== Exercise ==
All the data beneath this line is to be reproduced exactly.

The data Start Marker

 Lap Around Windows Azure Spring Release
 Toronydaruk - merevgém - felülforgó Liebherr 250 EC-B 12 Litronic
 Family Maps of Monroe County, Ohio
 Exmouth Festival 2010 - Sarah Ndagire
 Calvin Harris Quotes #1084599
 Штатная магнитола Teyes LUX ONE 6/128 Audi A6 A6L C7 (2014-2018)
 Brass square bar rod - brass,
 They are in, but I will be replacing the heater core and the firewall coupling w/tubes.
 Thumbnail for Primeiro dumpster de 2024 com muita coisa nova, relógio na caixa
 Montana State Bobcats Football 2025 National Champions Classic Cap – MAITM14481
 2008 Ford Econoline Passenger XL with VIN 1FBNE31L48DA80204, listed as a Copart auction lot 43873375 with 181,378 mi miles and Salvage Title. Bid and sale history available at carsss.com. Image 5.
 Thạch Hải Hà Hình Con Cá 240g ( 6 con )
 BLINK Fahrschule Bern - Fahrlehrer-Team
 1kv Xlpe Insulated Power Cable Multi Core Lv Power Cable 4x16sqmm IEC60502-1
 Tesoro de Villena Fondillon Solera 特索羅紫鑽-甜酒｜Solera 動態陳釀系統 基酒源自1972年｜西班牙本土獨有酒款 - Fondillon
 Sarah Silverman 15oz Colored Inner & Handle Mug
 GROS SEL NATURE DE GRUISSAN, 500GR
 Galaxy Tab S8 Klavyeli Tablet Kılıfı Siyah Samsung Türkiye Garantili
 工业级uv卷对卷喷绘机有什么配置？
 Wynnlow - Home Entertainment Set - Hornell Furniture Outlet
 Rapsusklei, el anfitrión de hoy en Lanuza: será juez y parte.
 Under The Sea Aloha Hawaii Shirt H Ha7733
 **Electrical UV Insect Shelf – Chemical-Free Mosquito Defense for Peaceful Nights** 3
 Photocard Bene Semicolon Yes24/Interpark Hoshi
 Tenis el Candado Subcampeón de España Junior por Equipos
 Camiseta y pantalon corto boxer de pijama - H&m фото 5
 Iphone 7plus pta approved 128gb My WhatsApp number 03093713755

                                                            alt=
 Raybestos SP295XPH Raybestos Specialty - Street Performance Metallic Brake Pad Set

The data End Marker

== Solution below ==
 Lap Around Windows Azure Spring Release
 Toronydaruk - merevgém - felülforgó Liebherr 250 EC-B 12 Litronic
 Family Maps of Monroe County, Ohio
 Exmouth Festival 2010 - Sarah Ndagire
 Calvin Harris Quotes #1084599
 Штатная магнитола Teyes LUX ONE 6/128 Audi A6 A6L C7 (2014-2018)
 Brass square bar rod - brass,
 They are in, but I will be replacing the heater core and the firewall coupling w/tubes.
 Thumbnail for Primeiro dumpster de 2024 com muita coisa nova, relógio na caixa
 Montana State Bobcats Football 2025 National Champions Classic Cap – MAITM14481
 2008 Ford Econoline Passenger XL with VIN 1FBNE31L48DA80204, listed as a Copart auction lot 43873375 with 181,378 mi miles and Salvage Title. Bid and sale history available at carsss.com. Image 5.
 Thạch Hải Hà Hình Con Cá 240g ( 6 con )
 BLINK Fahrschule Bern - Fahrlehrer-Team
 1kv Xlpe Insulated Power Cable Multi Core Lv Power Cable 4x16sqmm IEC60502-1
 Tesoro de Villena Fondillon Solera 特索羅紫鑽-甜酒｜Solera 動態陳釀系統 基酒源自1972年｜西班牙本土獨有酒款 - Fondillon
 Sarah Silverman 15oz Colored Inner & Handle Mug
 GROS SEL NATURE DE GRUISSAN, 500GR
 Galaxy Tab S8 Klavyeli Tablet Kılıfı Siyah Samsung Türkiye Garantili
 工业级uv卷对卷喷绘机有什么配置？
 Wynnlow - Home Entertainment Set - Hornell Furniture Outlet
 Rapsusklei, el anfitrión de hoy en Lanuza: será juez y parte.
 Under The Sea Aloha Hawaii Shirt H Ha7733
 **Electrical UV Insect Shelf – Chemical-Free Mosquito Defense for Peaceful Nights** 3
 Photocard Bene Semicolon Yes24/Interpark Hoshi
 Tenis el Candado Subcampeón de España Junior por Equipos
 Camiseta y pantalon corto boxer de pijama - H&m фото 5
 Iphone 7plus pta approved 128gb My WhatsApp number 03093713755

                                                            alt=
 Raybestos SP295XPH Raybestos Specialty - Street Performance Metallic Brake Pad Set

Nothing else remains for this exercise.